The cast included Jolson, Martha Raye, Jinx Falkenburg, Arnold Moss, Jack Whiting, Russ Brown, and John Randolph. It was the last show in which Jolson appeared.

== Plot ==
With scenes in Route 66, Sunshine Valley Rancho, New York City, and Mexico, a posse of cowboys comes in from the West looking for The Lone Rider (Al Jolson) of the radio drama, to go west and round up the notorious bandit Fernando (Arnold Moss).
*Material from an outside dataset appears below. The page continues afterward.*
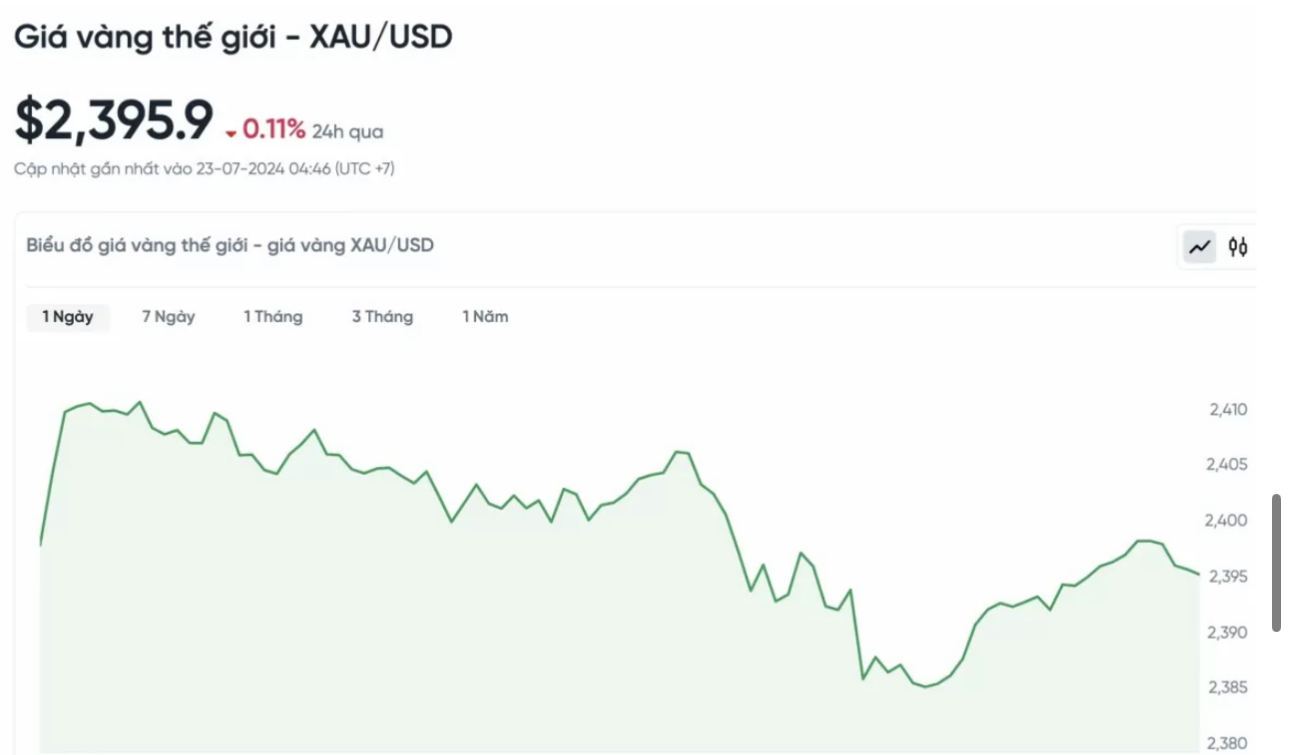 Gi&aacute; v&agrave;ng miếng SJC bất ngờ &ldquo;bốc hơi&rdquo; cả triệu đồng/lượng- Ảnh 2.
He finally sings his way out of trouble after several narrow escapes.

== Songs ==

Act 1
- "Way Out West Where the East Begins"
- "Hold On To Your Hats"
- "Walkin’ Along Mindin’ My Business"
- "The World Is In My Arms"
- "Would You Be So Kindly"
- "Life Was Pie for the Pioneer"
- "Don't Let It Get You Down"
- "There's a Great Day Coming, Mañana"

Act 2
- "Then You Were Never in Love"
- "Down on the Dude Ranch"
- "She Came, She Saw, She Can-Canned"
- "Old-Timer"
Five songs from other shows.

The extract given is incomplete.